» Exercise requirements
Please print every record below exactly as it appears.

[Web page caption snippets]
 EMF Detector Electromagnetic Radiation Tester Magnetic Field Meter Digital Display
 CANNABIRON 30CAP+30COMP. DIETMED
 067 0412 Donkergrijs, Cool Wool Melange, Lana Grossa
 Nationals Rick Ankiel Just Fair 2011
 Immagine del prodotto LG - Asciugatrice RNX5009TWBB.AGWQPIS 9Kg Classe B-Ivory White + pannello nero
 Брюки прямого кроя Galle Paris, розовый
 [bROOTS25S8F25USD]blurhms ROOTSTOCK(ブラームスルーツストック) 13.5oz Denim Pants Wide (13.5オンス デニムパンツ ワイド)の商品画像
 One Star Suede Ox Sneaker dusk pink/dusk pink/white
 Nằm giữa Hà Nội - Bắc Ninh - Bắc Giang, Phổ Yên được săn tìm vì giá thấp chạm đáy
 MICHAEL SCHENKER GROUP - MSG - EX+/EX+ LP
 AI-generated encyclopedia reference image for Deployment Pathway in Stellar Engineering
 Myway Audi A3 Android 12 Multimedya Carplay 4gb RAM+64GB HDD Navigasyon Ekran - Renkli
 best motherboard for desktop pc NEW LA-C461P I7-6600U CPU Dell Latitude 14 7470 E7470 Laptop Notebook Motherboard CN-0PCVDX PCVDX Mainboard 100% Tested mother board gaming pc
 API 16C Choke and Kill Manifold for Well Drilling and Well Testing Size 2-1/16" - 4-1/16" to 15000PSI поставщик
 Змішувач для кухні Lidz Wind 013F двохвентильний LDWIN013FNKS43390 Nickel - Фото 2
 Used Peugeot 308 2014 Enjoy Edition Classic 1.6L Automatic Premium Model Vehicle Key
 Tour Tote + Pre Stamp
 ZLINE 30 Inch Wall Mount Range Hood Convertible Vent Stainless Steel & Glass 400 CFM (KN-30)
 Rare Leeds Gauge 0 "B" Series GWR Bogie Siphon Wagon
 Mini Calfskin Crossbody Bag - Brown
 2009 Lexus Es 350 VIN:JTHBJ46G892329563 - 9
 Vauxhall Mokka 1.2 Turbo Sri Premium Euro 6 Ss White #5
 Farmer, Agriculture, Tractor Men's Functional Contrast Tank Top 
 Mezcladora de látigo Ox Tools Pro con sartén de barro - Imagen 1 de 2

» Final answer
 EMF Detector Electromagnetic Radiation Tester Magnetic Field Meter Digital Display
 CANNABIRON 30CAP+30COMP. DIETMED
 067 0412 Donkergrijs, Cool Wool Melange, Lana Grossa
 Nationals Rick Ankiel Just Fair 2011
 Immagine del prodotto LG - Asciugatrice RNX5009TWBB.AGWQPIS 9Kg Classe B-Ivory White + pannello nero
 Брюки прямого кроя Galle Paris, розовый
 [bROOTS25S8F25USD]blurhms ROOTSTOCK(ブラームスルーツストック) 13.5oz Denim Pants Wide (13.5オンス デニムパンツ ワイド)の商品画像
 One Star Suede Ox Sneaker dusk pink/dusk pink/white
 Nằm giữa Hà Nội - Bắc Ninh - Bắc Giang, Phổ Yên được săn tìm vì giá thấp chạm đáy
 MICHAEL SCHENKER GROUP - MSG - EX+/EX+ LP
 AI-generated encyclopedia reference image for Deployment Pathway in Stellar Engineering
 Myway Audi A3 Android 12 Multimedya Carplay 4gb RAM+64GB HDD Navigasyon Ekran - Renkli
 best motherboard for desktop pc NEW LA-C461P I7-6600U CPU Dell Latitude 14 7470 E7470 Laptop Notebook Motherboard CN-0PCVDX PCVDX Mainboard 100% Tested mother board gaming pc
 API 16C Choke and Kill Manifold for Well Drilling and Well Testing Size 2-1/16" - 4-1/16" to 15000PSI поставщик
 Змішувач для кухні Lidz Wind 013F двохвентильний LDWIN013FNKS43390 Nickel - Фото 2
 Used Peugeot 308 2014 Enjoy Edition Classic 1.6L Automatic Premium Model Vehicle Key
 Tour Tote + Pre Stamp
 ZLINE 30 Inch Wall Mount Range Hood Convertible Vent Stainless Steel & Glass 400 CFM (KN-30)
 Rare Leeds Gauge 0 "B" Series GWR Bogie Siphon Wagon
 Mini Calfskin Crossbody Bag - Brown
 2009 Lexus Es 350 VIN:JTHBJ46G892329563 - 9
 Vauxhall Mokka 1.2 Turbo Sri Premium Euro 6 Ss White #5
 Farmer, Agriculture, Tractor Men's Functional Contrast Tank Top 
 Mezcladora de látigo Ox Tools Pro con sartén de barro - Imagen 1 de 2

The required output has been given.